The incident wasn’t particularly unusual - given the limited tarmac space at the airport (even after recent upgrades, by CCECC) - but it was highly symbolic. A sign of China’s growing presence in the South Pacific, and the challenges that Australia and New Zealand now face to maintain their influence in the region.
Australia’s primary security objective is to prevent any unaligned powers from gaining military access to any Pacific Islands, which could - theoretically - be used as an advance base to either attack Australia, or limit Australia’s ability to maneuver. For this, Australia works in tandem with its close partner New Zealand to maintain regional hegemony, with Canberra maintaining a greater focus on the Melanesian states, and Wellington through Polynesia. Although with considerable overlap.
Although concerns that China plans to establish a military facility in the region are yet to be justified with any significant evidence, the anxiety within Australia and New Zealand towards this potential outcome remains prominent
Since the conclusion of World War II and Japan’s expulsion from the region this has been a relatively straightforward task. With the South Pacific not deemed a region of major strategic contest, a like-minded Asian hegemon in the form of the United States, a rehabilitated and aligned Japan, and significant economic and cultural links, both Canberra and Wellington felt comfortable that their primacy in the region faced no major threats.

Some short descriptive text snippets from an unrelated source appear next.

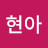 Hyun A Yu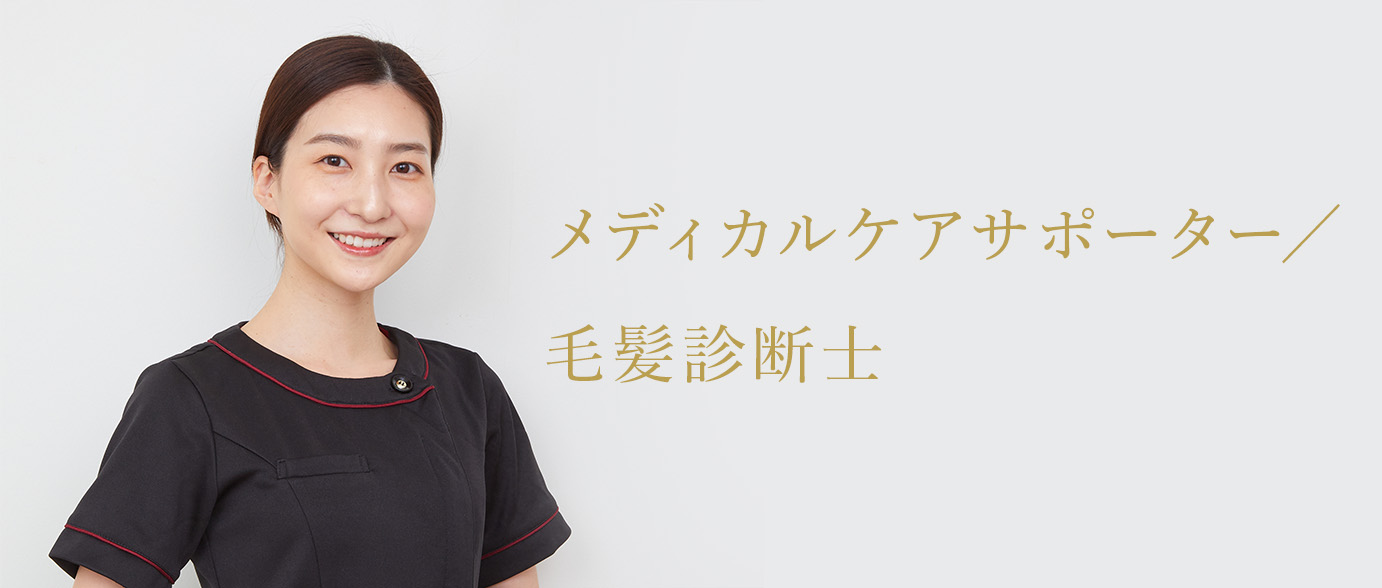 メディカルケアサポーター/毛髪診断士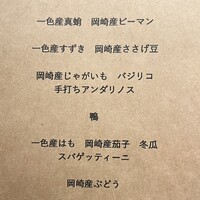 コレドガーナ - 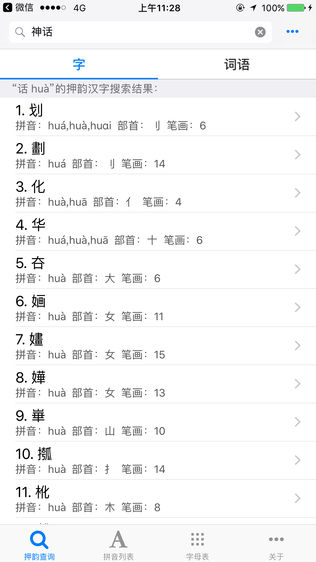 押韵查询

The establishment of the Pacific Island Forum (PIF) in 1971 created a multilateral framework for Australia and New Zealand to cooperate with the states of Melanesia, Polynesia, and Micronesia in areas of common concern, disaster relief and in consolidating regional trust.
Yet China’s growing capabilities have disrupted this comfortable consensus. In the previous decades, China’s actions in the South Pacific were seen primarily through the lens of its diplomatic competition with Taiwan. With the region having a significant number of states that recognise Taipei over Beijing, there was a keen interest in China to overturn this reality. However, during the Taiwanese Presidency of Ma Ying-jeou (2008-2016) a tacit agreement was reached to mute this competition for recognition. The election of President Tsai Ing-wen in 2016 overturned this understanding and Beijing began to increase its activity in the region.
The knock-on effect was that Australia and New Zealand now had a more assertive China operating in the Pacific, with an eye not just on increasing its legitimacy, but also its influence. Aid, trade, and tourism from China have all significantly increased in recent years, creating a more conspicuous presence. A presence that is having its desired effect, with the Solomon Islands and Kiribati shifting their diplomatic recognition to Beijing over Taipei last year. This leaves only four Micronesian states of Marshall Islands, Nauru, Pulau, and Tuvalu - with their traditional links to Taiwan’s indigenous population - maintaining their alliance with the Republic of China.
Yet, there is more to just diplomatic recognition that is driving Beijing’s increased regional activity. For China a presence through the Pacific Islands is seen as advantageous to being able to project power out into the wider Pacific, and to limit the maritime approaches of other states to the Chinese mainland, especially their potential defense of Taiwan. Although this capability is currently distant, it is not unforeseeable should the United States retrench from the Indo-Pacific, and the region’s middle powers are unable to develop a sustainable bulwark to Chinese power projection.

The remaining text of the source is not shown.